▶ Exercise:
Apart from the pictures, every entry must be retyped exactly.
_ _ _ _
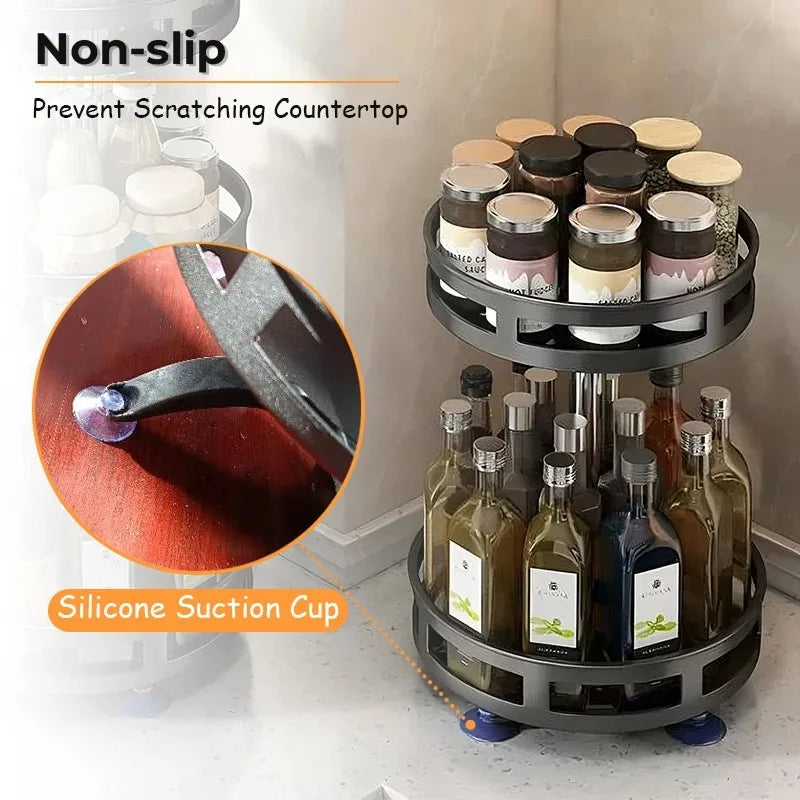 Rotating Spice Rack Organizer for Seasonings and Jars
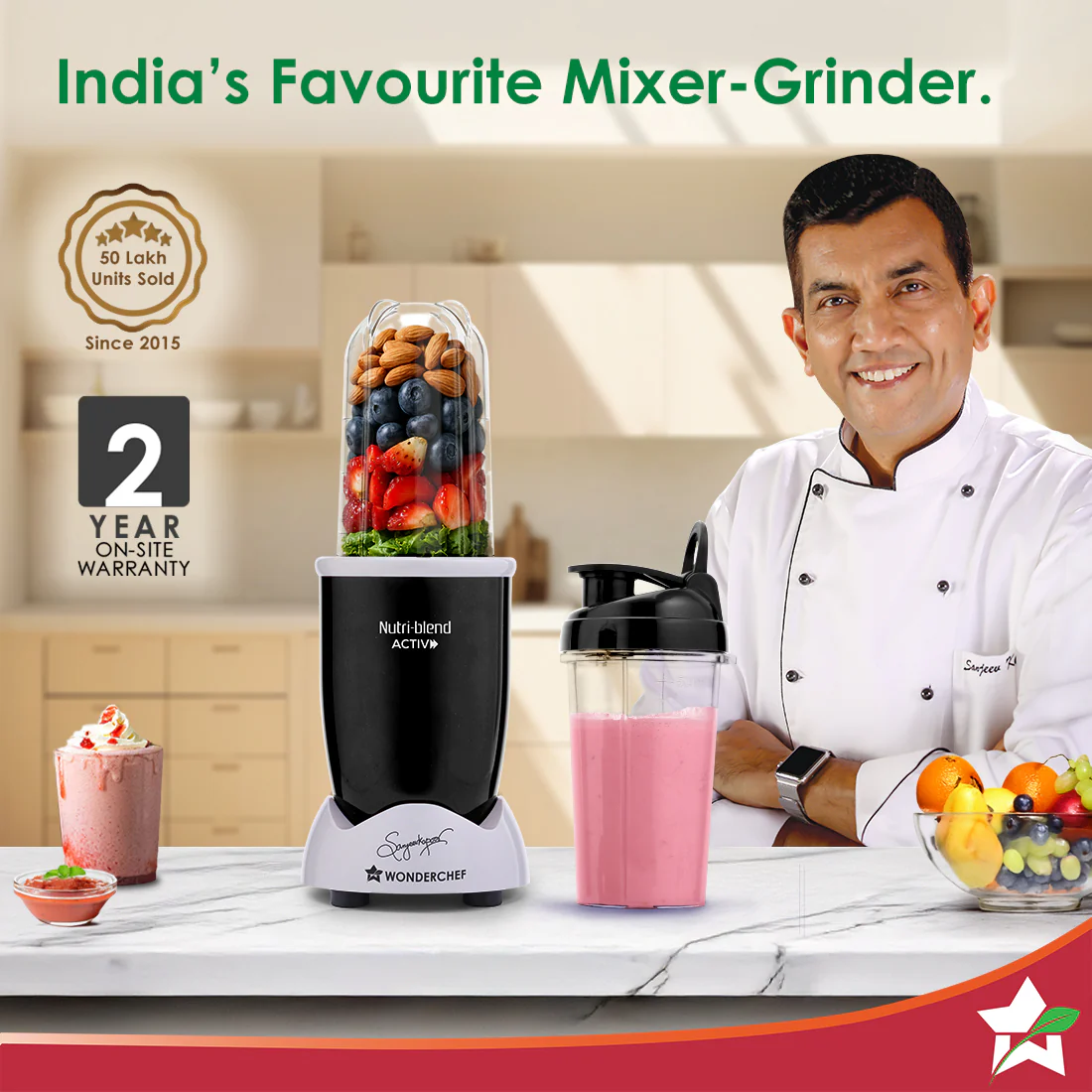 Nutri-blend Activ Mixer Grinder Blender, Smoothie Maker, 500W 22000 RPM 100% Full Copper Motor, 2 Unbreakable BPA Free Jars, SS Blades, 2 Year Warranty, Recipe book by Chef Sanjeev Kapoor, Black - Image 2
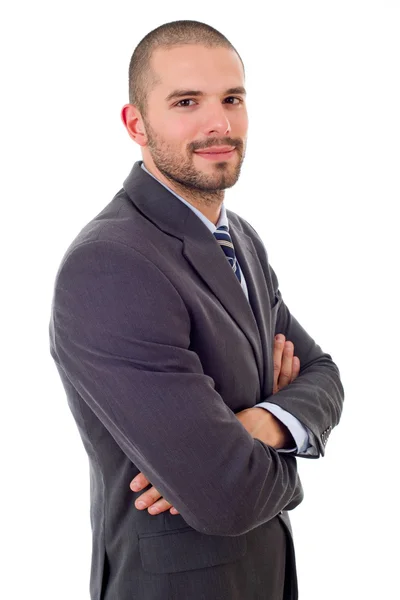 Joven hombre de negocios retrato aislado en blanco — Foto de Stock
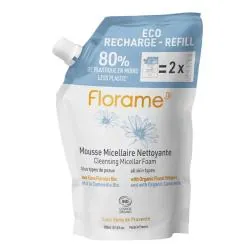 FLORAME Eaux florales bio - Mousse micellaire nettoyante bio eco recharge 300ml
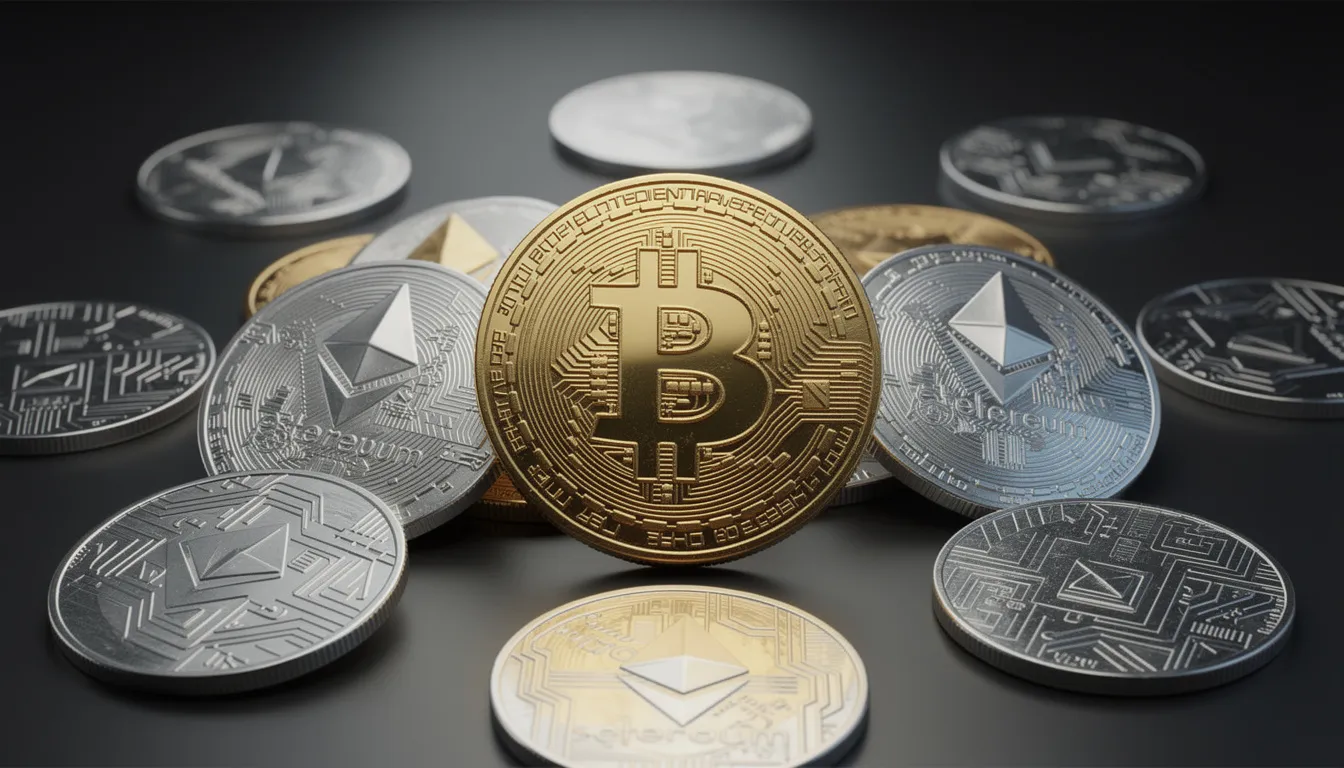 The image features a collection of various cryptocurrency coins, prominently displaying Bitcoin and Ethereum among others, symbolizing the world of virtual currency. This visual representation highlights the growing significance of digital assets in online platforms like stake.us, where users can explore bonuses and promotional codes for enhanced gaming experiences.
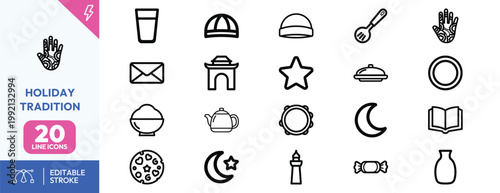 Minimalist line icons representing traditional religious cultural elements for various holiday festivals and celebration events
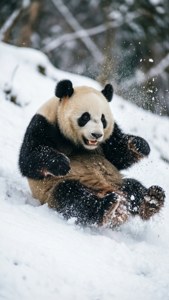 一隻大熊貓在雪中翻滾，雪花在周圍飛舞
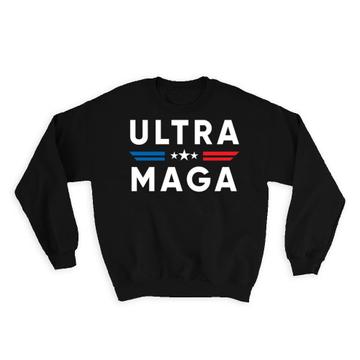 Ultra MAGA : Gift Sweatshirt Anti Biden Proud American Funny Humor Art Print USA Trump Politics
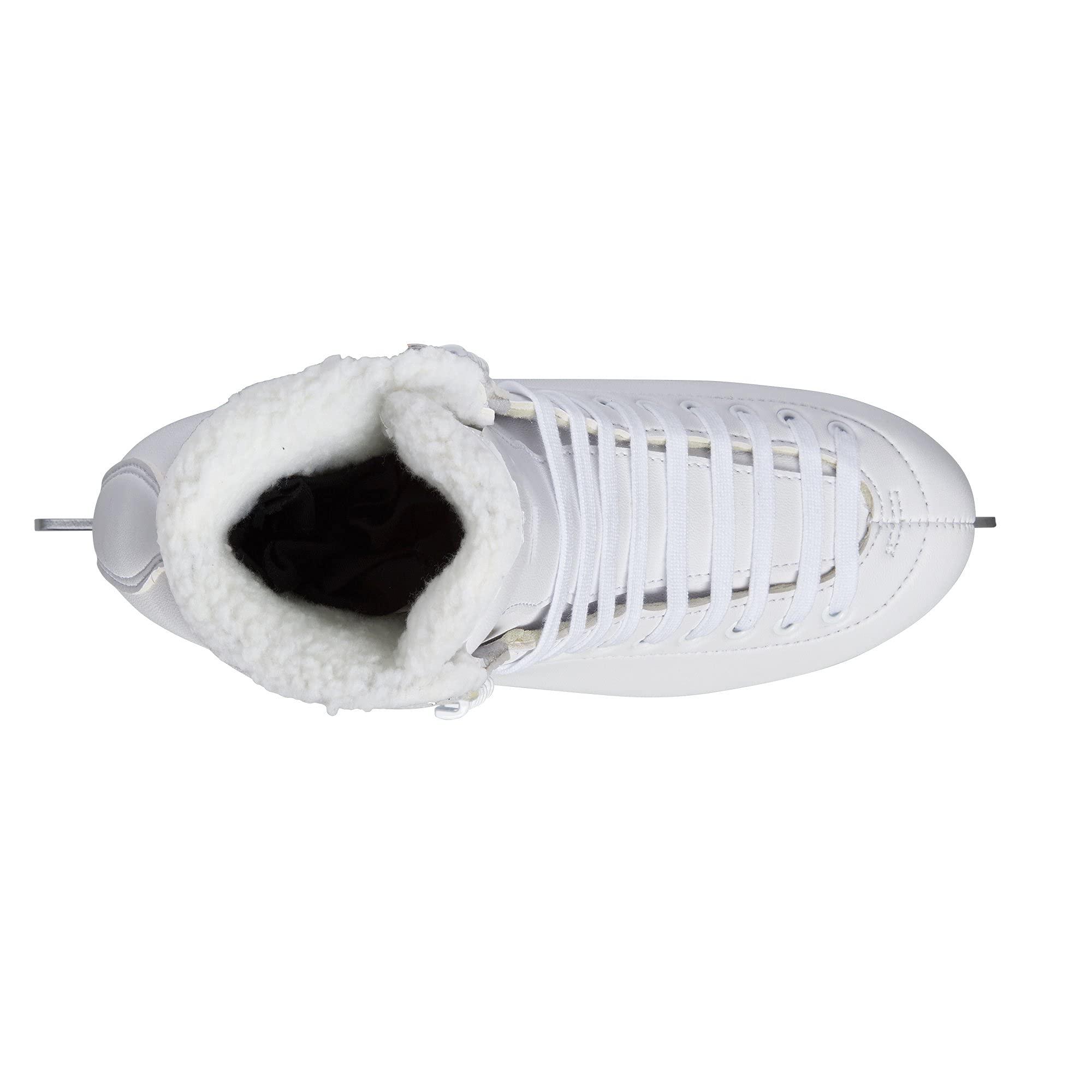 SKATE GURU Jackson Classic JC380 Purple Lining Figure Ice Skates - Womens 10 - Bundle with Skate Guards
_ _ _ _
▶ Response to the task:
 Rotating Spice Rack Organizer for Seasonings and Jars
 Nutri-blend Activ Mixer Grinder Blender, Smoothie Maker, 500W 22000 RPM 100% Full Copper Motor, 2 Unbreakable BPA Free Jars, SS Blades, 2 Year Warranty, Recipe book by Chef Sanjeev Kapoor, Black - Image 2
 Joven hombre de negocios retrato aislado en blanco — Foto de Stock
 FLORAME Eaux florales bio - Mousse micellaire nettoyante bio eco recharge 300ml
 The image features a collection of various cryptocurrency coins, prominently displaying Bitcoin and Ethereum among others, symbolizing the world of virtual currency. This visual representation highlights the growing significance of digital assets in online platforms like stake.us, where users can explore bonuses and promotional codes for enhanced gaming experiences.
 Minimalist line icons representing traditional religious cultural elements for various holiday festivals and celebration events
 一隻大熊貓在雪中翻滾，雪花在周圍飛舞
 Ultra MAGA : Gift Sweatshirt Anti Biden Proud American Funny Humor Art Print USA Trump Politics
 SKATE GURU Jackson Classic JC380 Purple Lining Figure Ice Skates - Womens 10 - Bundle with Skate Guards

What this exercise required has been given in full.